Before copying, set aside the pictures; then restate exactly the lines from the one with "Addiction Venison Meaty" through the last line of the records.
──────────────────────────────
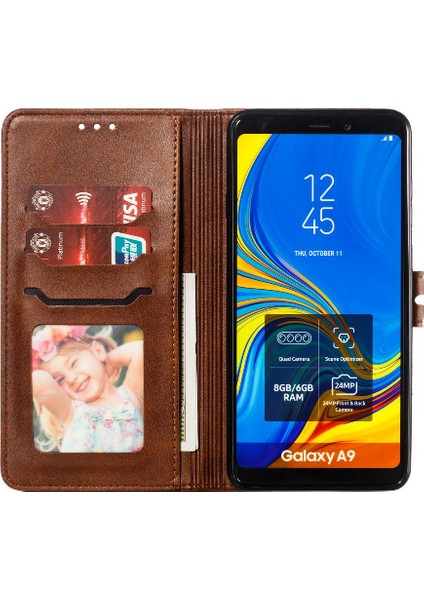 Manyi Mall Cüzdan Kılıf Samsung Galaxy A9 2018 Kickstand Kart Tutucu Kabartmalı Tüm (Yurt Dışından)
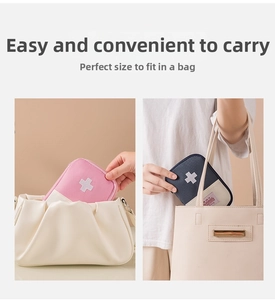 Portable oxford medical bag shown being easily placed into a daily handbag for travel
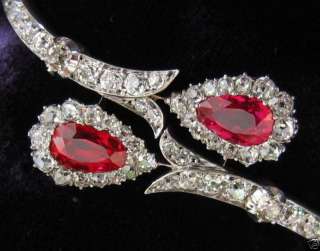 19th Century Antique 18k Burmese Ruby Diamond Bracelet  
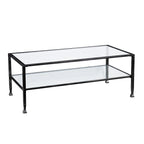 Table basse rectangulaire en métal noir avec plateau en verre et étagère inférieure Glenn de SEI Furniture
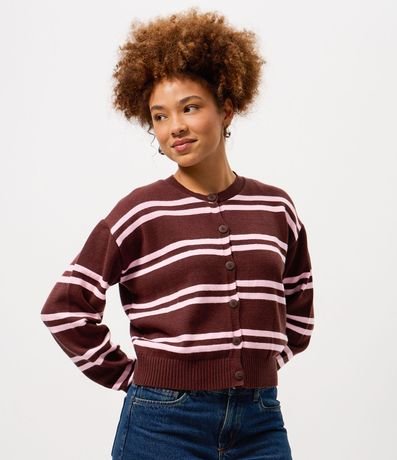 Cardigan corto en Punto Listrado con Abotonado 3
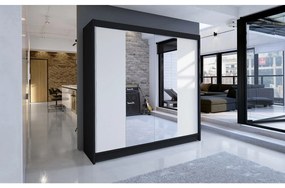Šatníková skriňa s posuvnými dverami Bar II, Farby: čierna, Osvetlenie: osvetlenie LED RGB - farebné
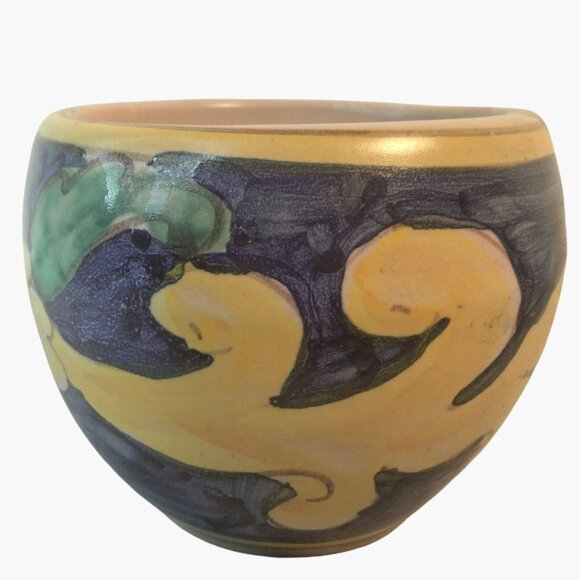 Italian Folk Pottery Pot Blue Yellow Flower Signed Hand Painted Ceramic Floral - Picture 2 of 8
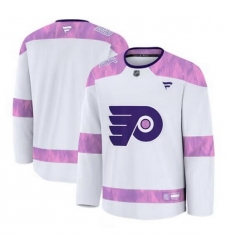 Men Philadelphia Flyers Blank White 2024 Fights Cancer stitched Hockey Jersey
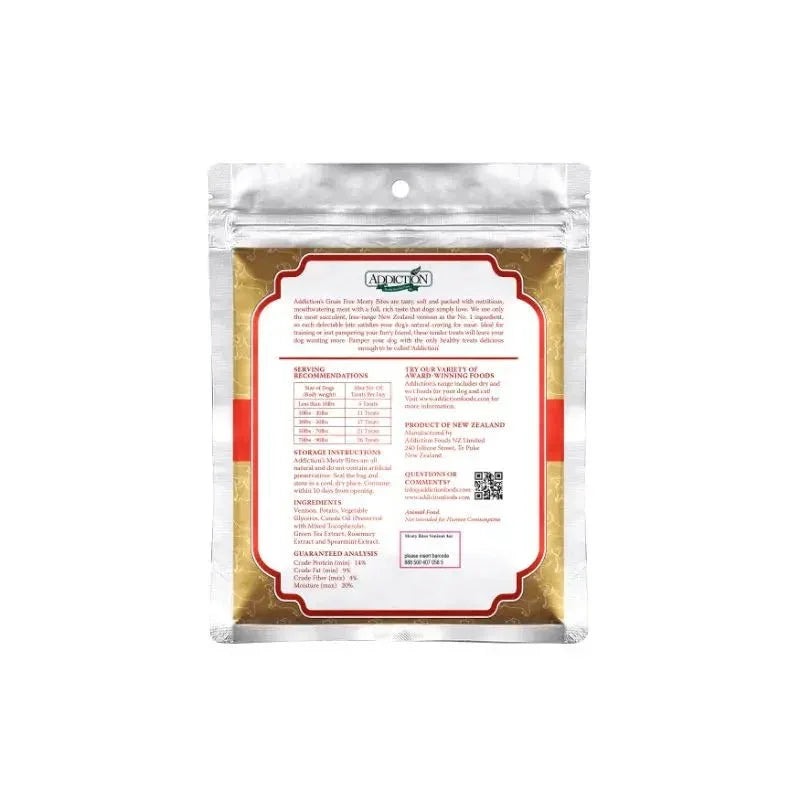 Addiction Venison Meaty Bites Grain - Free Dog Treats 4oz - Talis Us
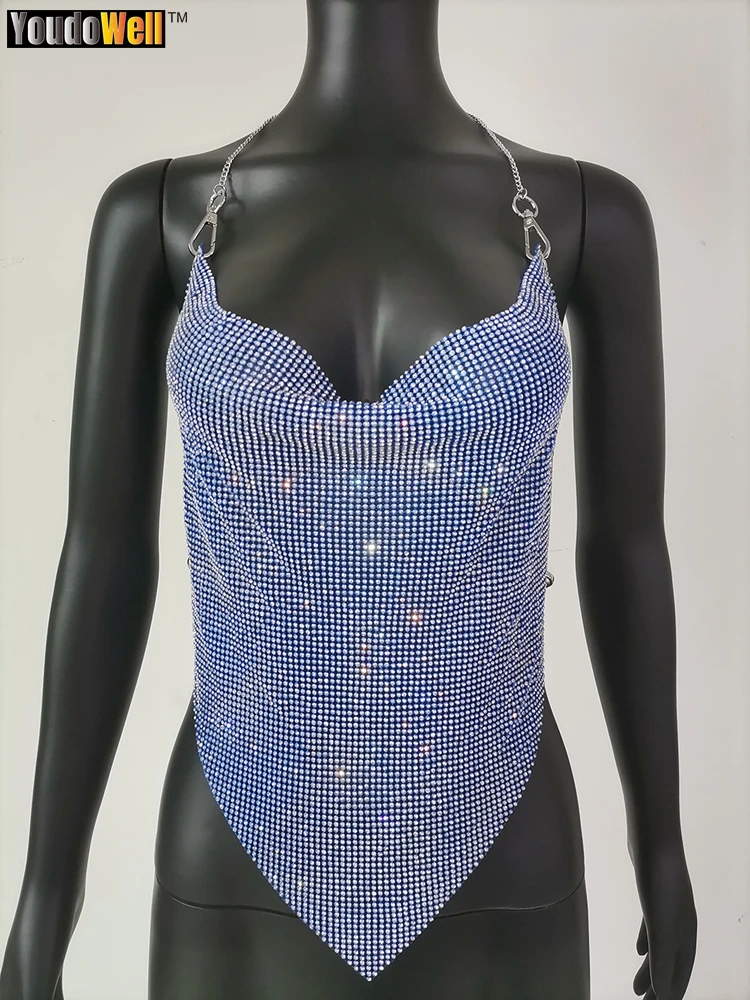 Diamond Material Shiny Rhinestone Vest, Street Fashion, Cool Girl Wearing, Yangtze River Delta Top, New, 2023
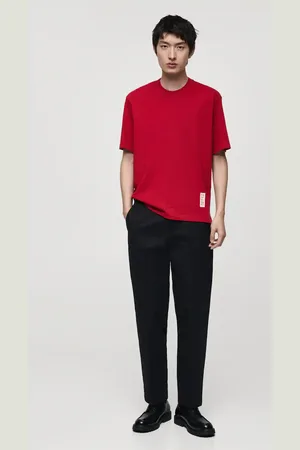 MANGO 100% cotton t-shirt with printed text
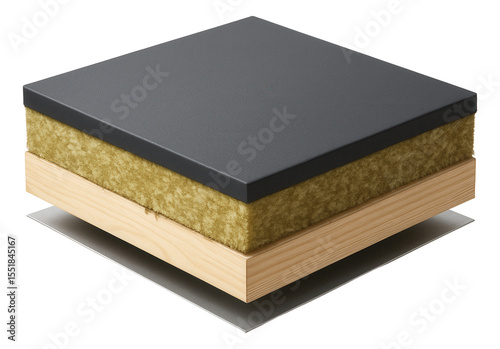 Flat roof with an acoustic insulation layer to reduce noise for a quiet home environment in a busy urban area.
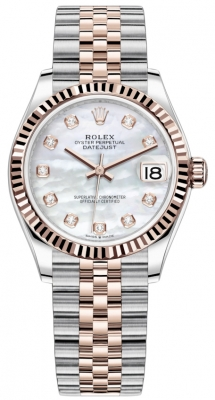 Rolex Datejust 31-278271 (Everose Rolesor Jubilee Bracelet, Gold Diamond-set White MOP Dial, Fluted Bezel)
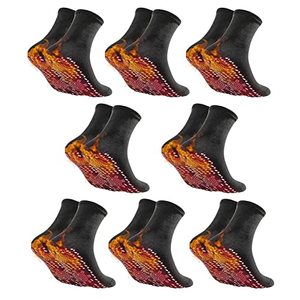 lot 43000402 image: 8 Pairs Tourmaline Thermal Circulation self-Heating Socks - Tourmaline Acupressure self-Heating Shaping Health Socks - Foot Massage self Warm Socks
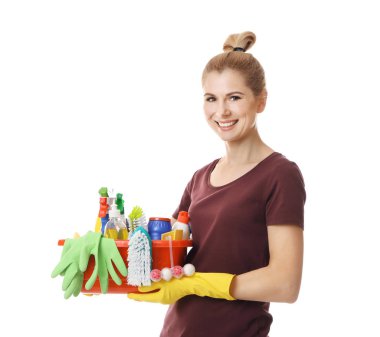 Pretty woman with cleaning supplies clipart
──────────────────────────────
Output of the exercise:
 Addiction Venison Meaty Bites Grain - Free Dog Treats 4oz - Talis Us
 Diamond Material Shiny Rhinestone Vest, Street Fashion, Cool Girl Wearing, Yangtze River Delta Top, New, 2023
 MANGO 100% cotton t-shirt with printed text
 Flat roof with an acoustic insulation layer to reduce noise for a quiet home environment in a busy urban area.
 Rolex Datejust 31-278271 (Everose Rolesor Jubilee Bracelet, Gold Diamond-set White MOP Dial, Fluted Bezel)
 lot 43000402 image: 8 Pairs Tourmaline Thermal Circulation self-Heating Socks - Tourmaline Acupressure self-Heating Shaping Health Socks - Foot Massage self Warm Socks
 Pretty woman with cleaning supplies clipart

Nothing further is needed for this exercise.